After locating the line with "Nitecore NL1411R 14500" in the entries below, output it and each following line up to and including the line with "Cute Panda JK Knit Socks", exactly and without pictures.

Dataset content>
■ ■ ■ ■ ■ ■ ■

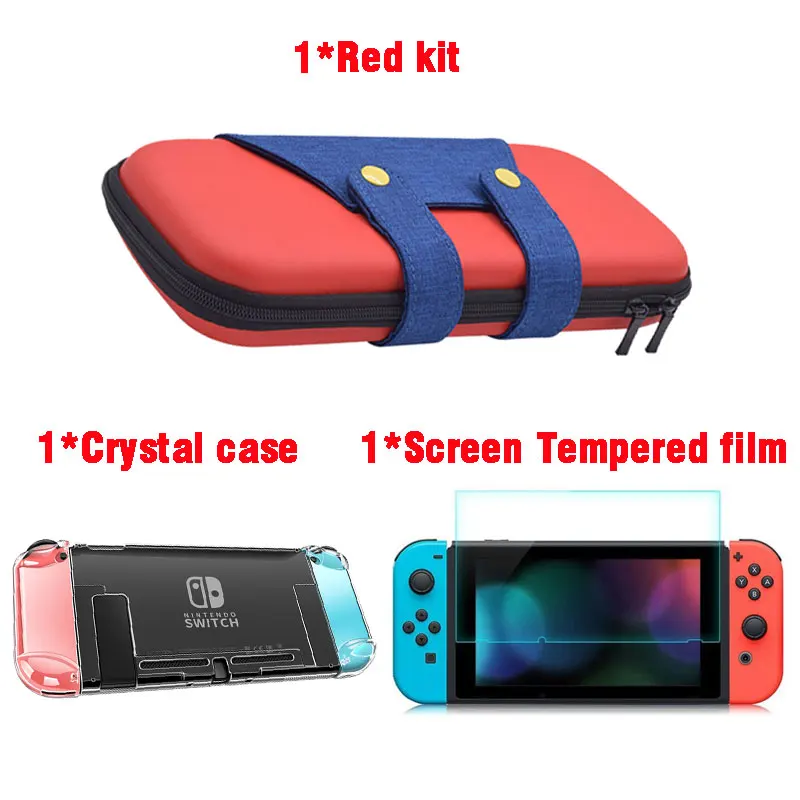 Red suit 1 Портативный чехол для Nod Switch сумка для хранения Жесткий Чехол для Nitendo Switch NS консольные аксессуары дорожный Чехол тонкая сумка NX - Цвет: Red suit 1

■ ■ ■ ■ ■ ■ ■

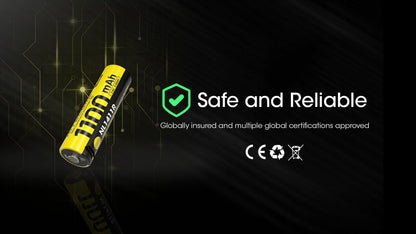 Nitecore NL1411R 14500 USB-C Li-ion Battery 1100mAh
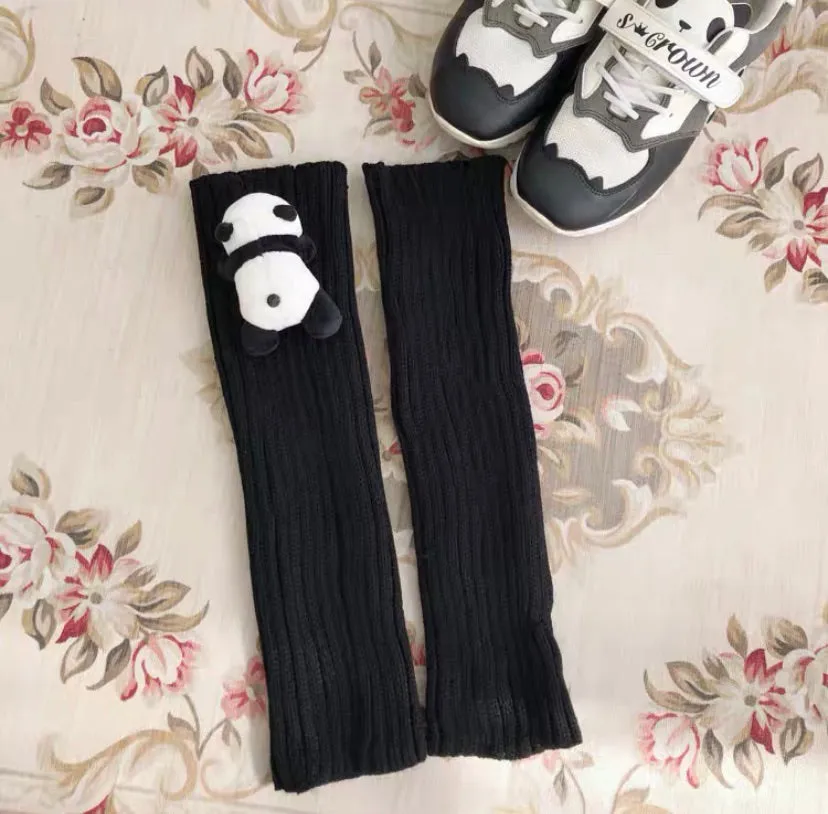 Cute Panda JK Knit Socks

■ ■ ■ ■ ■ ■ ■

Result>
 Nitecore NL1411R 14500 USB-C Li-ion Battery 1100mAh
 Cute Panda JK Knit Socks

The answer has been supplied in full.